3.3. Organ Contour Delineation
For each patient, four anatomical structures were delineated on both the planning CT (pCT) and CBCT: femur, hip bone, bladder, and rectum. The femur and hip bones were initially segmented using TotalSegmentator (version 2.5.0) [32] and then manually refined to correct inaccuracies. In contrast, the bladder and rectum, due to their high inter-patient variability and poorly defined boundaries, were manually contoured by experienced radiologists. To reduce annotation bias and ensure consistency, all contours were independently reviewed by a second expert, and only those that met consensus quality criteria were included in the registration experiments.
3.4. Evaluation
In this study, we evaluated the proposed registration framework from three perspectives: (1) registration efficiency, assessed by convergence trend; (2) using the standard image similarity measure, the Dice Similarity Coefficient (DSC), and 95% Hausdorff surface distance ( to evaluate registration accuracy and compare it with the existing advanced methods; (3) the quality of the deformation field was evaluated based on Jacobian determinant analysis.
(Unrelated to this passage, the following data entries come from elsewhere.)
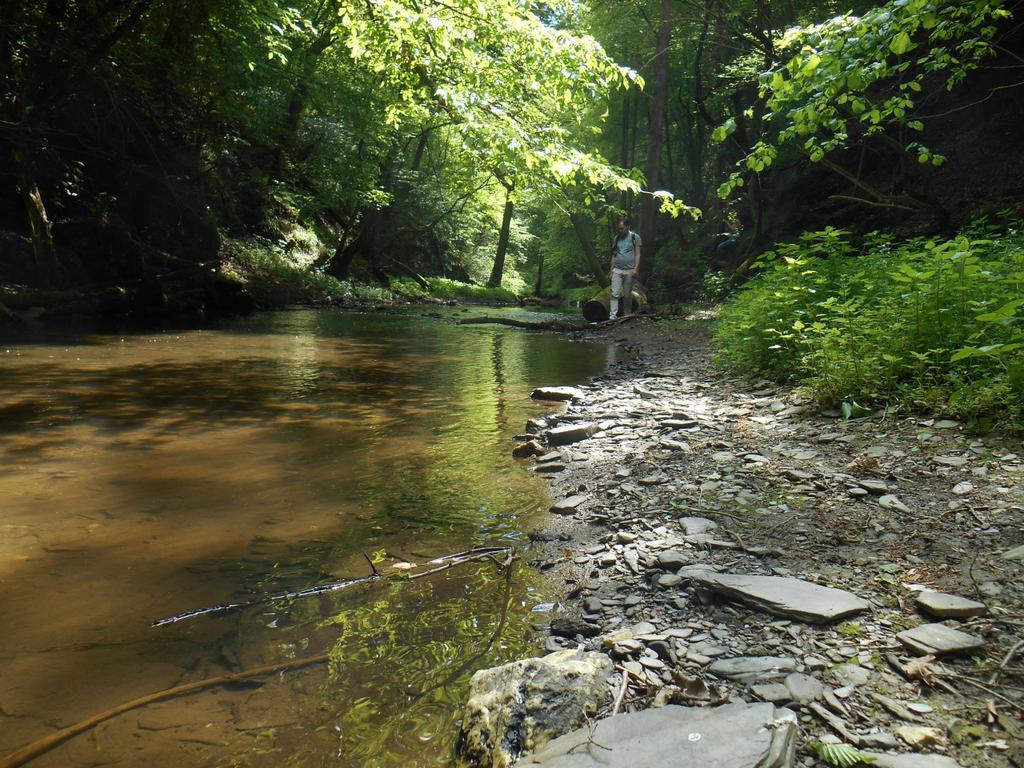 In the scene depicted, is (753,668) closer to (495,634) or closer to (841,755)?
(841,755)

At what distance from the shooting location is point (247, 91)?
15.9 m

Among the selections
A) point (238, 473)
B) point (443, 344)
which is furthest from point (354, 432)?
point (443, 344)

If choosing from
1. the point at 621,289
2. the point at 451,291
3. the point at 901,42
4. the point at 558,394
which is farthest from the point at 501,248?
the point at 901,42

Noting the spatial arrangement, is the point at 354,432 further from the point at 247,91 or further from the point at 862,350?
the point at 247,91

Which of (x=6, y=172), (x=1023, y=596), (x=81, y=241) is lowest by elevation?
(x=1023, y=596)

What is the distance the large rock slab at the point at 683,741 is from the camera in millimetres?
1468

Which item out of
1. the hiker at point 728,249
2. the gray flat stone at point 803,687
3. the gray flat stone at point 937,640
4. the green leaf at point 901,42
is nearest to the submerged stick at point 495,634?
the gray flat stone at point 803,687

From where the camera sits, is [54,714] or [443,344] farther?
[443,344]

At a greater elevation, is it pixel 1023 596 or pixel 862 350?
pixel 862 350

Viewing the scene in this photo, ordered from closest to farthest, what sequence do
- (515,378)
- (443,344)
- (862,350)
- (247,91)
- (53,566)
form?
(53,566)
(862,350)
(515,378)
(443,344)
(247,91)

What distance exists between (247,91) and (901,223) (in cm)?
1663

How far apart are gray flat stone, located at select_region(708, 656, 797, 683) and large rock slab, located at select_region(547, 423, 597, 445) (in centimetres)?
306

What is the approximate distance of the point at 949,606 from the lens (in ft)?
6.70

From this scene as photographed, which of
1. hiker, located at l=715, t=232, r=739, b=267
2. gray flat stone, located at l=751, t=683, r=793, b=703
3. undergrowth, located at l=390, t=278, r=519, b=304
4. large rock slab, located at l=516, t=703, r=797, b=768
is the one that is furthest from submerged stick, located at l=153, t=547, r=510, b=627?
undergrowth, located at l=390, t=278, r=519, b=304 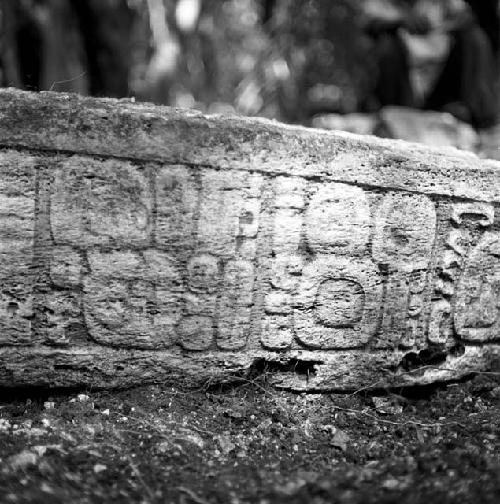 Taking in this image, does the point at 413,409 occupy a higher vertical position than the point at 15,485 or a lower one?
lower

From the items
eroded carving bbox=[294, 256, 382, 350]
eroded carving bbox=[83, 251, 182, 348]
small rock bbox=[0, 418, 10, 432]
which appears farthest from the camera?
eroded carving bbox=[294, 256, 382, 350]

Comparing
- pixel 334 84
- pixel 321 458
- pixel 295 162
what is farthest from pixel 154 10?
pixel 321 458

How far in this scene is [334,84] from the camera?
10305 millimetres

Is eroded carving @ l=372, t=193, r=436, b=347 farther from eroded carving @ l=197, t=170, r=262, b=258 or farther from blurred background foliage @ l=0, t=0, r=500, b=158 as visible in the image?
blurred background foliage @ l=0, t=0, r=500, b=158

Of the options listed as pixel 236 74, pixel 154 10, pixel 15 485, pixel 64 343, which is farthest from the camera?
pixel 236 74

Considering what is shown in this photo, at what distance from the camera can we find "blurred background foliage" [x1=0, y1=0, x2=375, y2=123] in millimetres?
5523

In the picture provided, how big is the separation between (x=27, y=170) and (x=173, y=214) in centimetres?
45

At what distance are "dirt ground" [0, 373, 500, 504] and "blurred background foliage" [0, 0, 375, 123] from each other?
8.59 feet

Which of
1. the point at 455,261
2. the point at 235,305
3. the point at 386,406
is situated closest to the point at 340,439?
the point at 386,406

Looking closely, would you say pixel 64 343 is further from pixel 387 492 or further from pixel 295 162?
pixel 387 492

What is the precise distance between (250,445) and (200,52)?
683cm

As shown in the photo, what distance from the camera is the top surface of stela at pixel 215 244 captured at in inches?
73.8

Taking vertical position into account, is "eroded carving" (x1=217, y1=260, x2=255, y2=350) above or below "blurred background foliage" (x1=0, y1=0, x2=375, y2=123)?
below

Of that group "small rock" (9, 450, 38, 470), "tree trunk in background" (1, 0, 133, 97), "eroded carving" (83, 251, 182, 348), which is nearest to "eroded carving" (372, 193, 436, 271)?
"eroded carving" (83, 251, 182, 348) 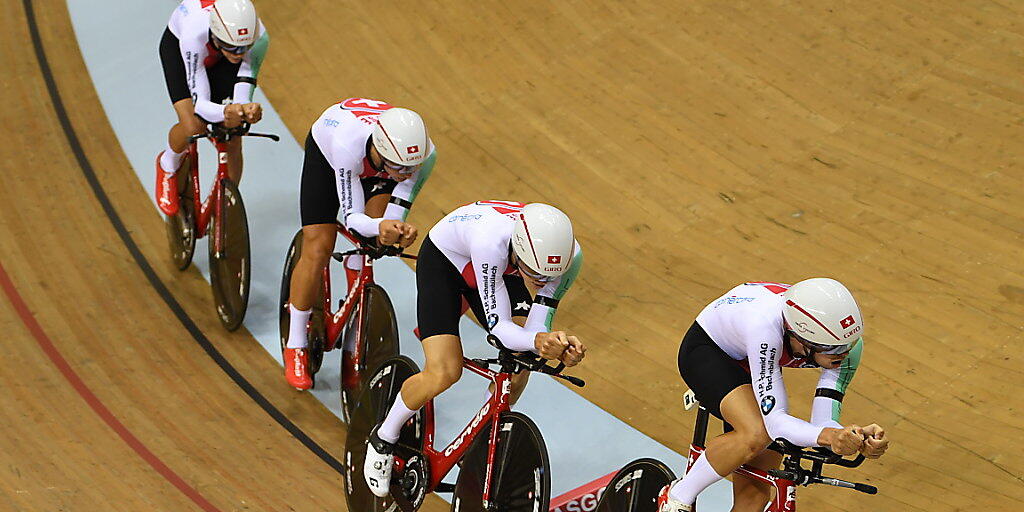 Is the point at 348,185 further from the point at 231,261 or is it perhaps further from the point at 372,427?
the point at 231,261

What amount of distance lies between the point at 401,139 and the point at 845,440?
1.88m

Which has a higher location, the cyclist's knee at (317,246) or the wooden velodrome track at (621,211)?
the cyclist's knee at (317,246)

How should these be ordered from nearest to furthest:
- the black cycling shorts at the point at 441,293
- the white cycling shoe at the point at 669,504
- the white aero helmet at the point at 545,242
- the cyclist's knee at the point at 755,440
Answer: the cyclist's knee at the point at 755,440 < the white cycling shoe at the point at 669,504 < the white aero helmet at the point at 545,242 < the black cycling shorts at the point at 441,293

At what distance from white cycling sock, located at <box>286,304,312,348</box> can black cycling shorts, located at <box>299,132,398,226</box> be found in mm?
363

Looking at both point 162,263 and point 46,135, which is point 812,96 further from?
point 46,135

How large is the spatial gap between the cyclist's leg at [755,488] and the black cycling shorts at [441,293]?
85cm

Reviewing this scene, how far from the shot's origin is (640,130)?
6473 millimetres

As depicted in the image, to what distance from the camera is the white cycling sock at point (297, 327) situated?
16.0ft

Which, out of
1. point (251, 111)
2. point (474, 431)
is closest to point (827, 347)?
point (474, 431)

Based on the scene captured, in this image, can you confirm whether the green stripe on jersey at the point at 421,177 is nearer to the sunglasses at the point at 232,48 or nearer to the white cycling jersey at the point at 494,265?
the white cycling jersey at the point at 494,265

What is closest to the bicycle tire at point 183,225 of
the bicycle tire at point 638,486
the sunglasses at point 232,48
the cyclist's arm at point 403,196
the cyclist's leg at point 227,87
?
the cyclist's leg at point 227,87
This multi-dimensional evaluation was designed to verify the soundness of the method in clinical image registration tasks.
3.4.1. Efficiency of Inverse PCA
To evaluate the efficiency gains from introducing inverse PCA, convergence behaviors were compared under five compression ratios against direct velocity field prediction. The specific results are shown in Figure 4. While the conventional INR method demonstrated stable convergence across all cases, it required more training epochs and converged more slowly. In contrast, the inverse PCA-based approach achieved significantly faster convergence with fewer epochs and reached lower loss values, indicating superior performance. Rapid early-stage convergence was observed across all compression ratios. However, at higher ratios (e.g., 0.4 and 0.5), training instability includes oscillation and premature stagnation (in the case of #6 and #10). This may result from redundant information or increased optimization difficulty associated with higher-dimensional latent representations.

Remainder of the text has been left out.